▶ **Data supplied**
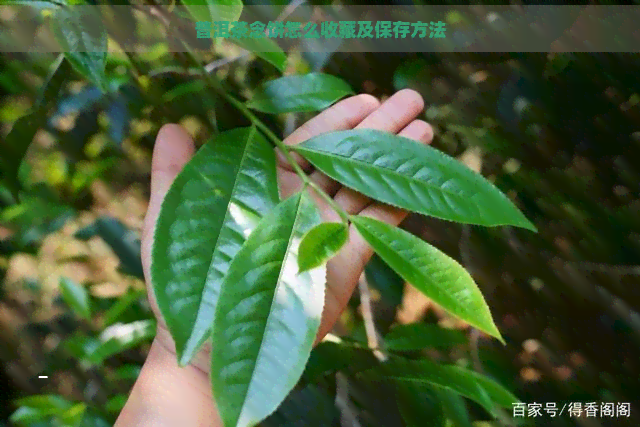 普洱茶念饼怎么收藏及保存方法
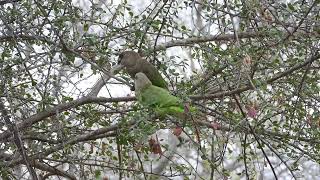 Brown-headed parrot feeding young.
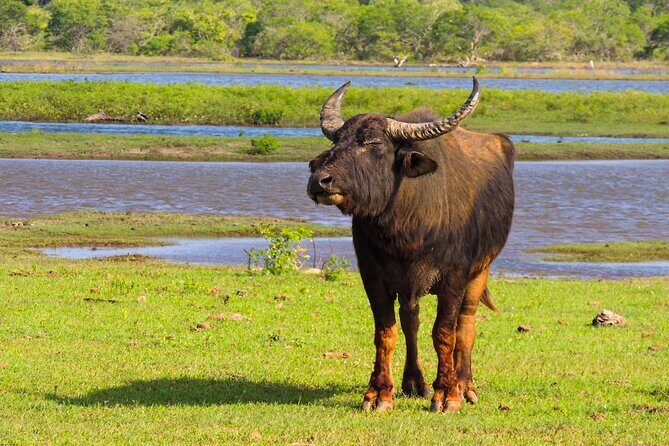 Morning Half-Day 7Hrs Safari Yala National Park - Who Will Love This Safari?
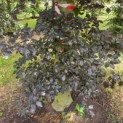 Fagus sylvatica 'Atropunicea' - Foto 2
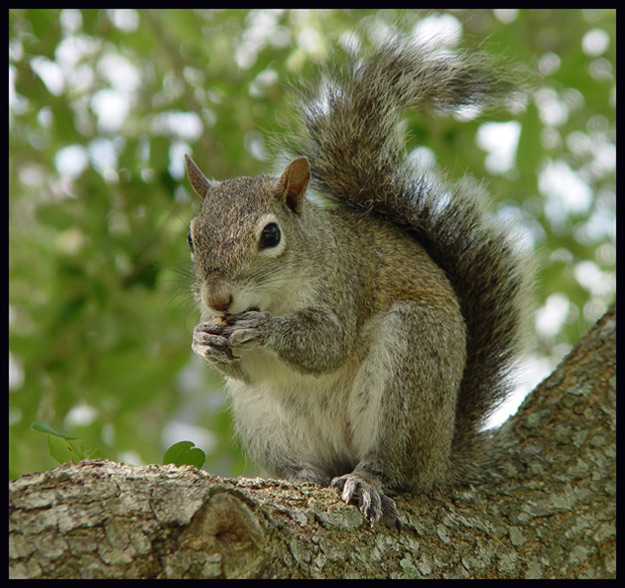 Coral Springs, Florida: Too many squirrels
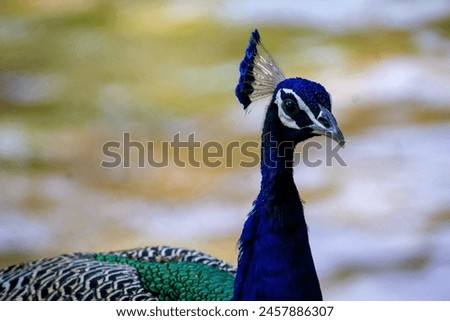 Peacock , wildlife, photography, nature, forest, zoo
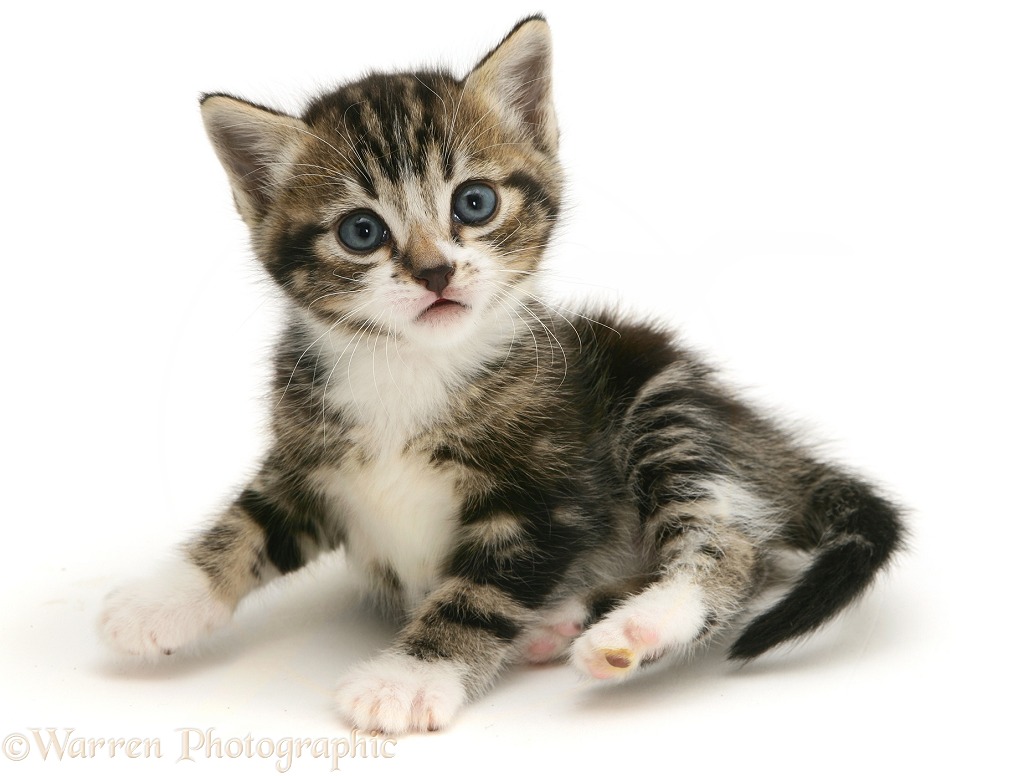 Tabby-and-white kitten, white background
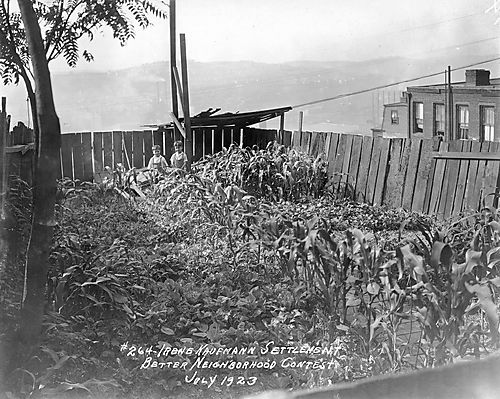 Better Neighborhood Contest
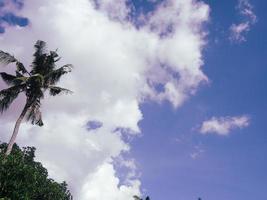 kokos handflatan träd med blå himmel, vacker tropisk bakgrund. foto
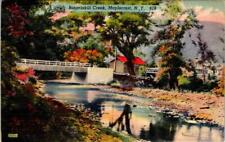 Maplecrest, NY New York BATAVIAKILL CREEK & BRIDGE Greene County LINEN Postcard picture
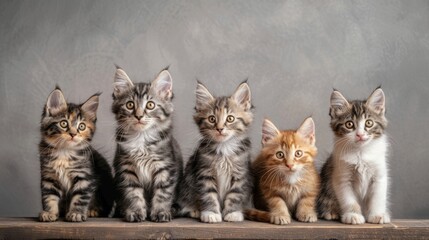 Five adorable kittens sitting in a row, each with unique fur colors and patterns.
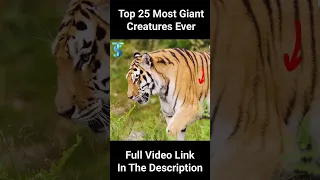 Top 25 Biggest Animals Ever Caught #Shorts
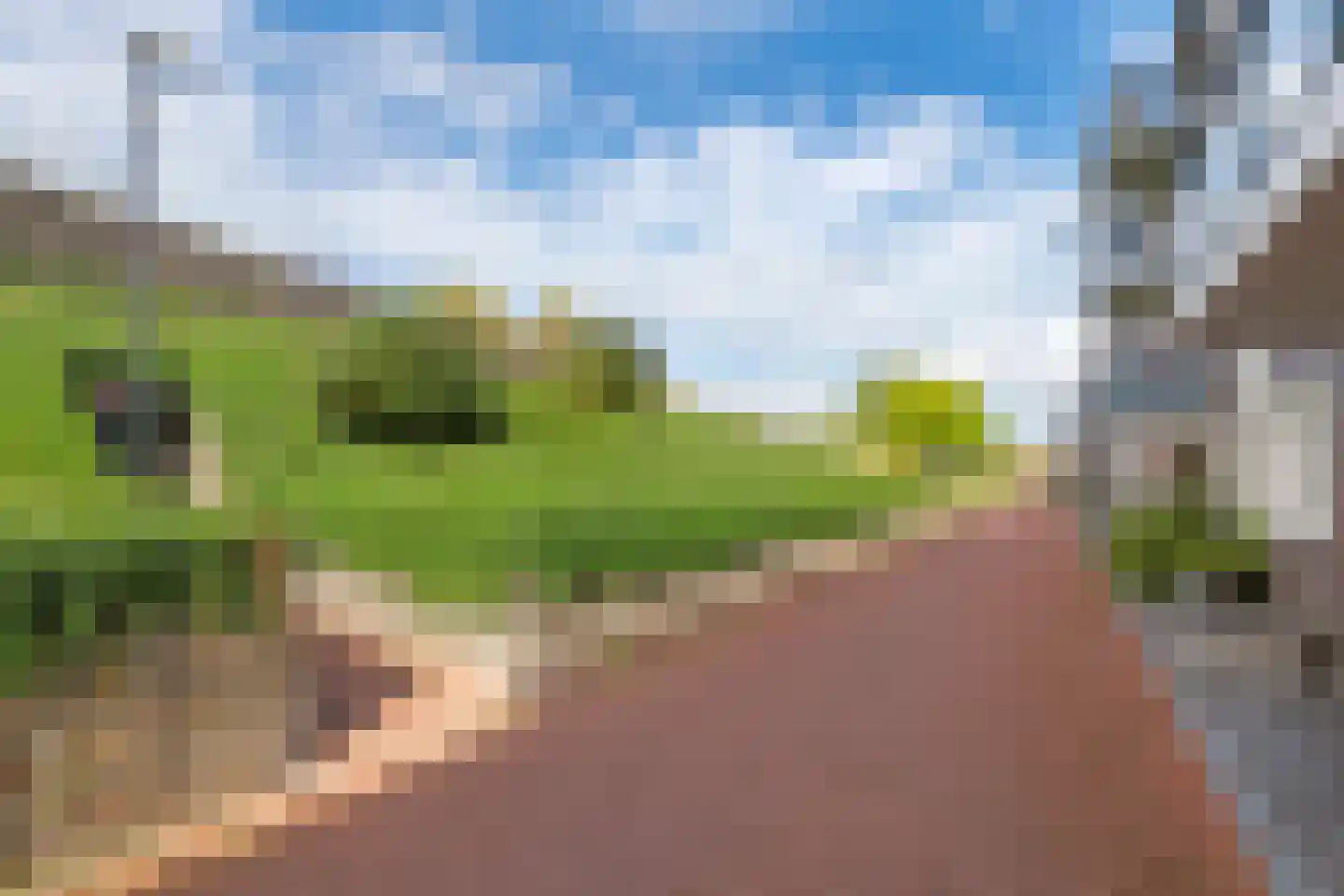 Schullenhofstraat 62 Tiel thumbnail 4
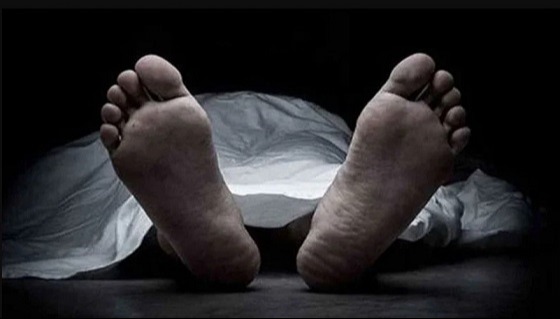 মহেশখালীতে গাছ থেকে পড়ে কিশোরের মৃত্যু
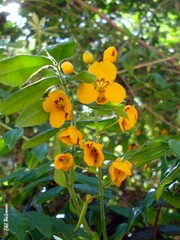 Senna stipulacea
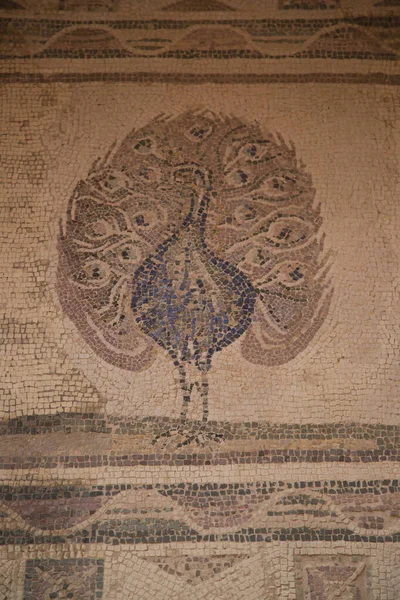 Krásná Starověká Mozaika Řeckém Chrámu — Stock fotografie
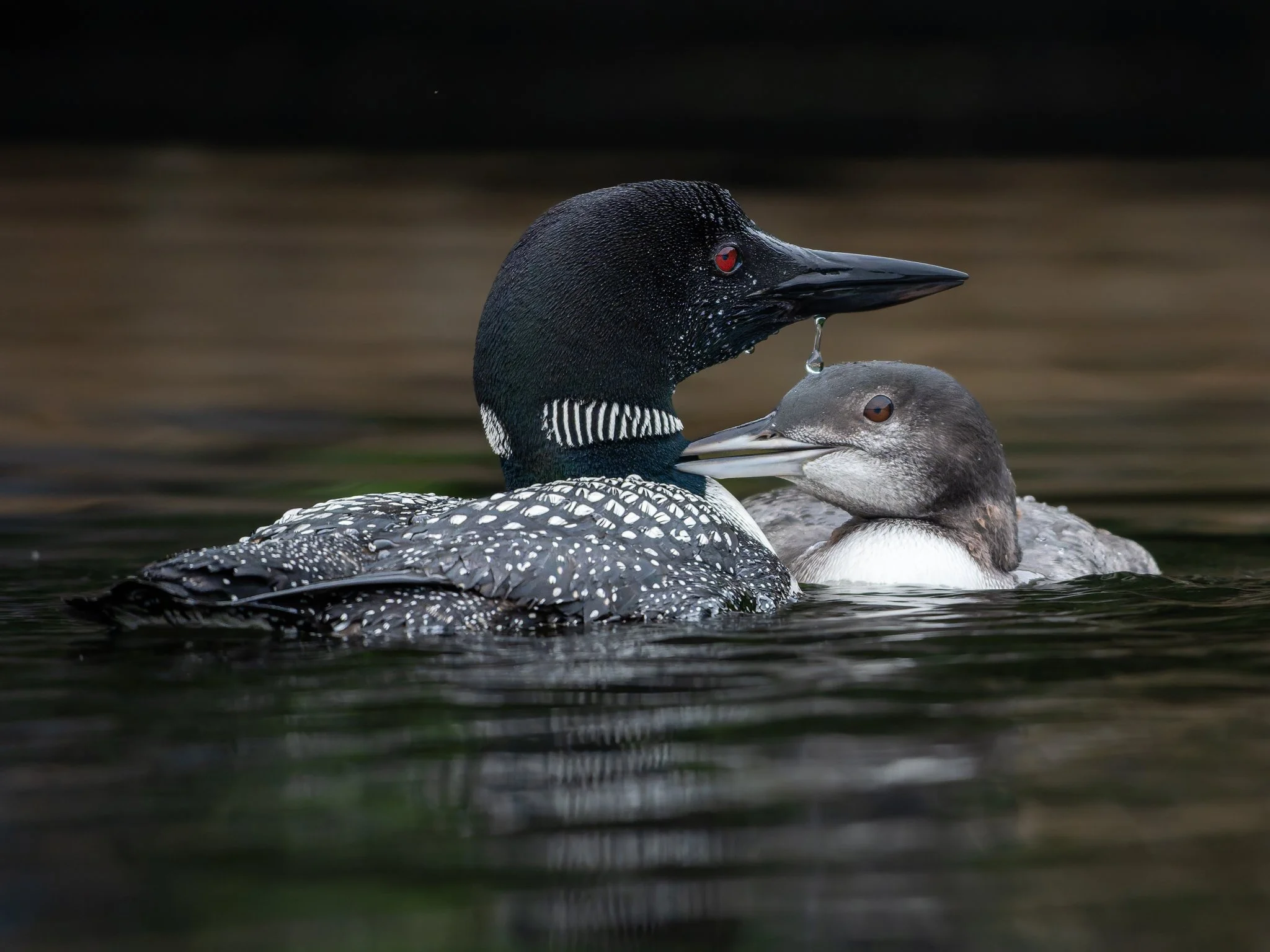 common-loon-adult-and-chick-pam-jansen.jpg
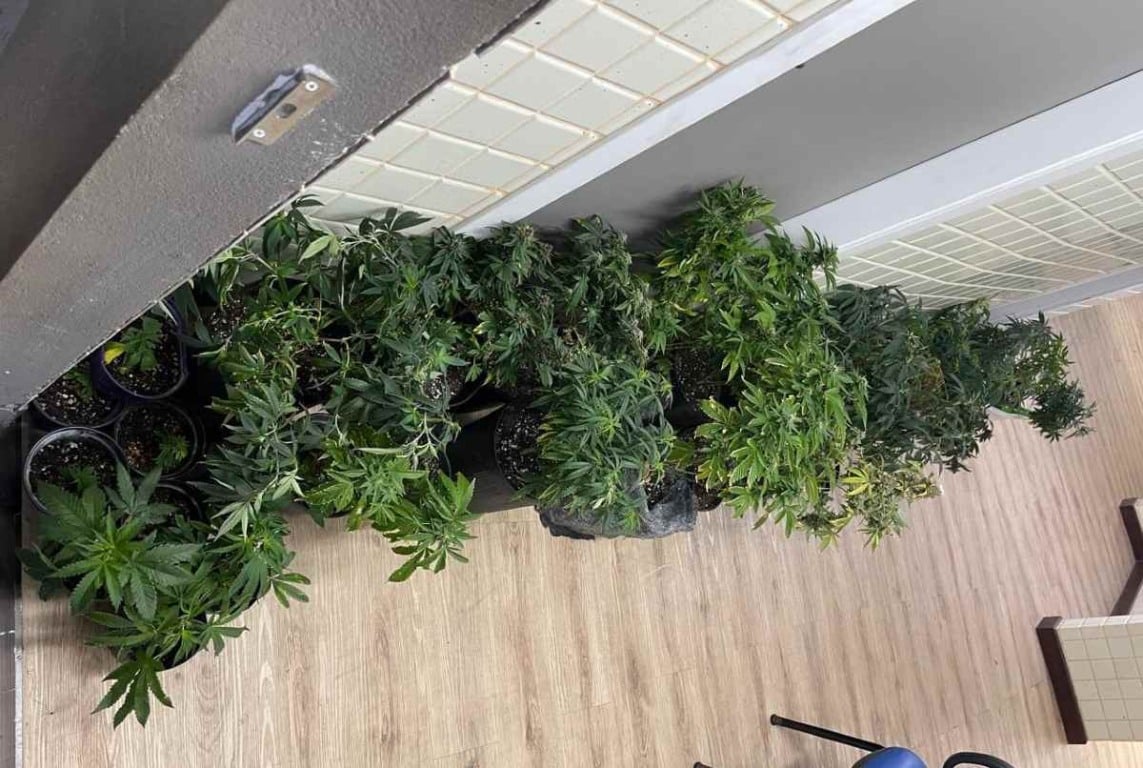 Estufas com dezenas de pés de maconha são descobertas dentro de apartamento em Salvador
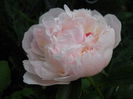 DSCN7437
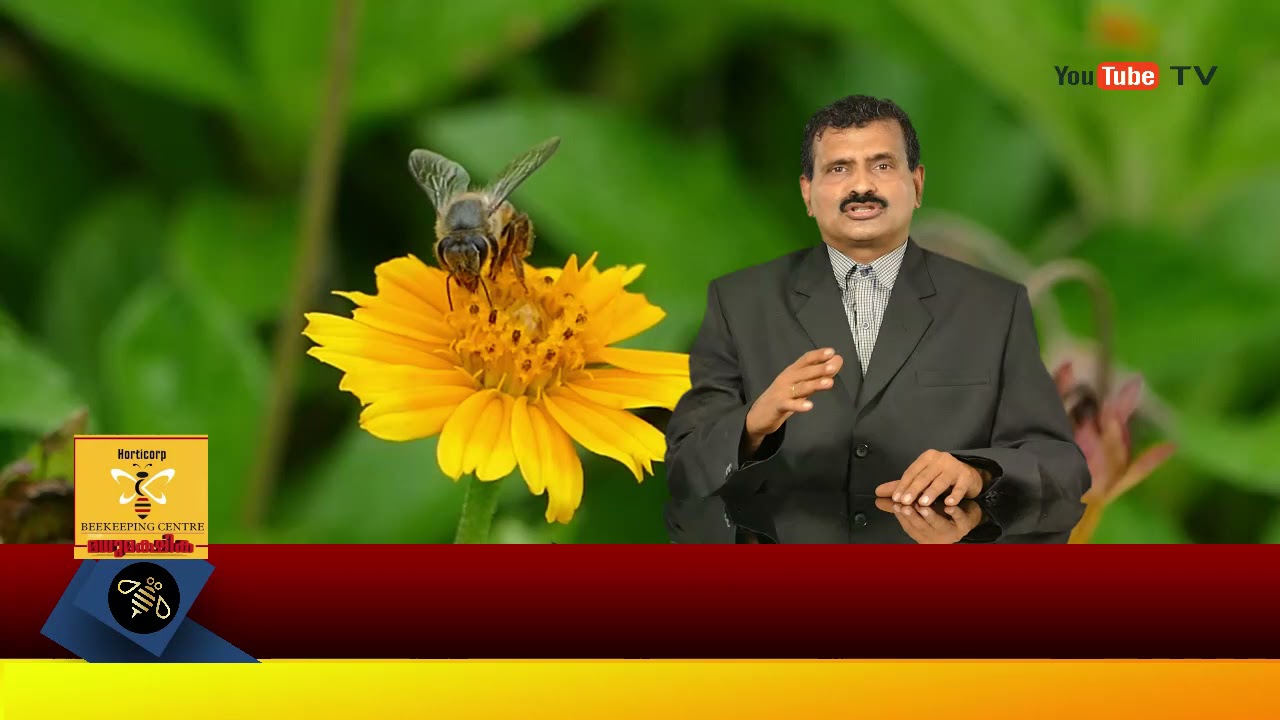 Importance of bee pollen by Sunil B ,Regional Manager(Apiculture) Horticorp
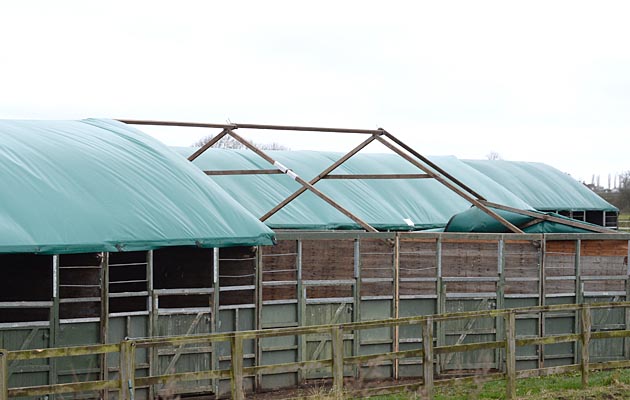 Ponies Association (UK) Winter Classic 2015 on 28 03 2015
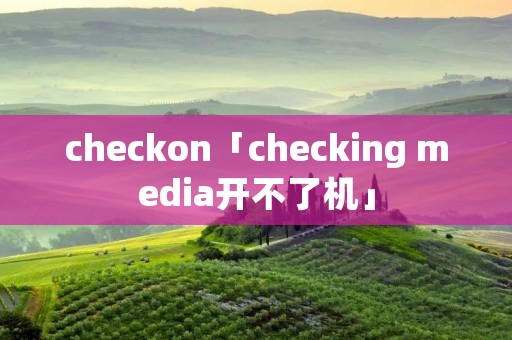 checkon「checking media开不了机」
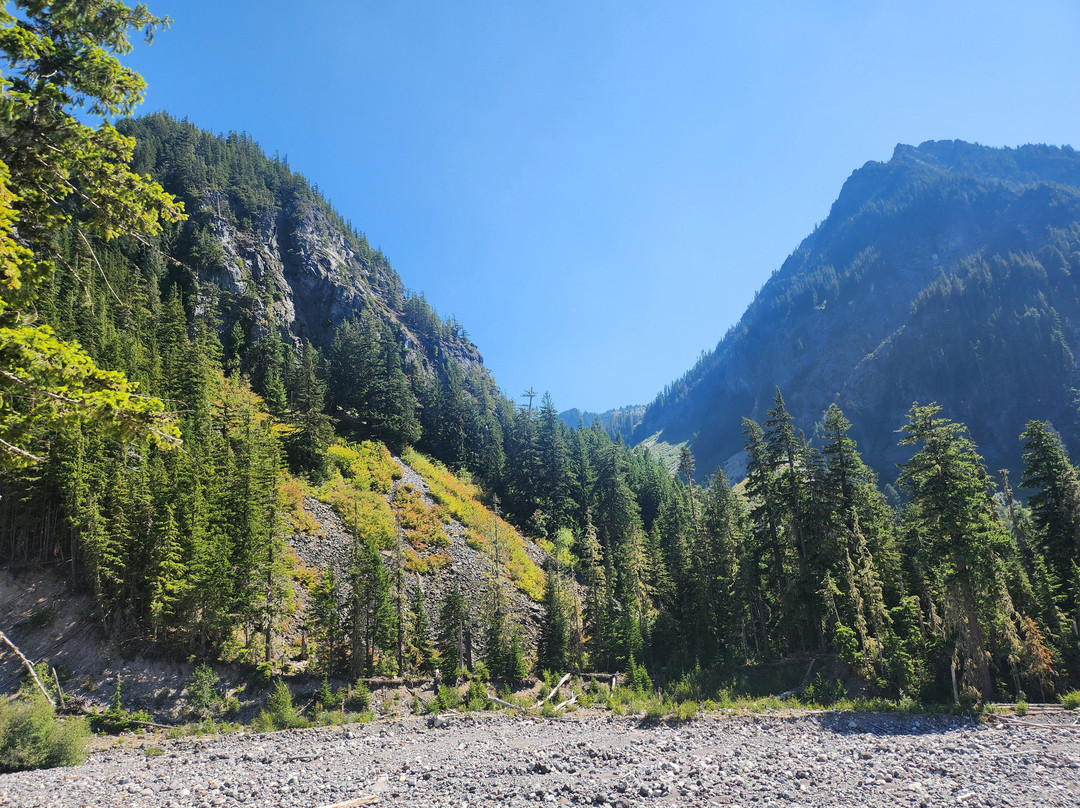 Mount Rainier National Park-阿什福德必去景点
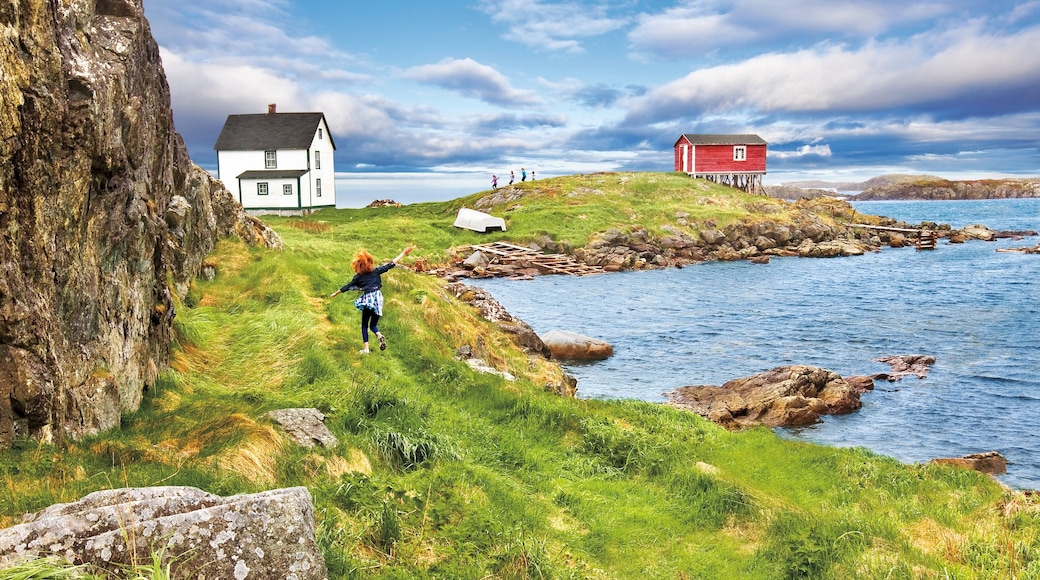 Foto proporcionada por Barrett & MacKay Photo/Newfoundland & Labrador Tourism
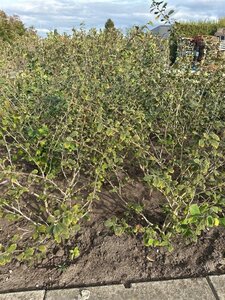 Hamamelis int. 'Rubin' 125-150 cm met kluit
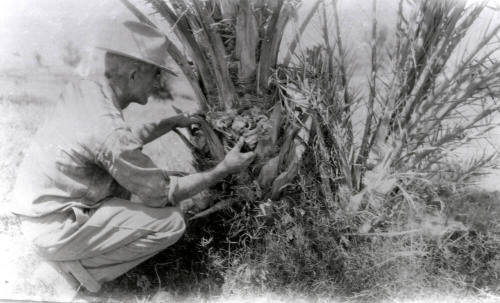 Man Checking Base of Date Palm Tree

▶ **Exercise**
Output the records above in their entirety and exactly, leaving out all images.

▶ **Solution to this exercise**
 普洱茶念饼怎么收藏及保存方法
 Brown-headed parrot feeding young.
 Morning Half-Day 7Hrs Safari Yala National Park - Who Will Love This Safari?
 Fagus sylvatica 'Atropunicea' - Foto 2
 Coral Springs, Florida: Too many squirrels
 Peacock , wildlife, photography, nature, forest, zoo
 Tabby-and-white kitten, white background
 Better Neighborhood Contest
 kokos handflatan träd med blå himmel, vacker tropisk bakgrund. foto
 Maplecrest, NY New York BATAVIAKILL CREEK & BRIDGE Greene County LINEN Postcard picture
 Five adorable kittens sitting in a row, each with unique fur colors and patterns.
 Top 25 Biggest Animals Ever Caught #Shorts
 Schullenhofstraat 62 Tiel thumbnail 4
 মহেশখালীতে গাছ থেকে পড়ে কিশোরের মৃত্যু
 Senna stipulacea
 Krásná Starověká Mozaika Řeckém Chrámu — Stock fotografie
 common-loon-adult-and-chick-pam-jansen.jpg
 Estufas com dezenas de pés de maconha são descobertas dentro de apartamento em Salvador
 DSCN7437
 Importance of bee pollen by Sunil B ,Regional Manager(Apiculture) Horticorp
 Ponies Association (UK) Winter Classic 2015 on 28 03 2015
 checkon「checking media开不了机」
 Mount Rainier National Park-阿什福德必去景点
 Foto proporcionada por Barrett & MacKay Photo/Newfoundland & Labrador Tourism
 Hamamelis int. 'Rubin' 125-150 cm met kluit
 Man Checking Base of Date Palm Tree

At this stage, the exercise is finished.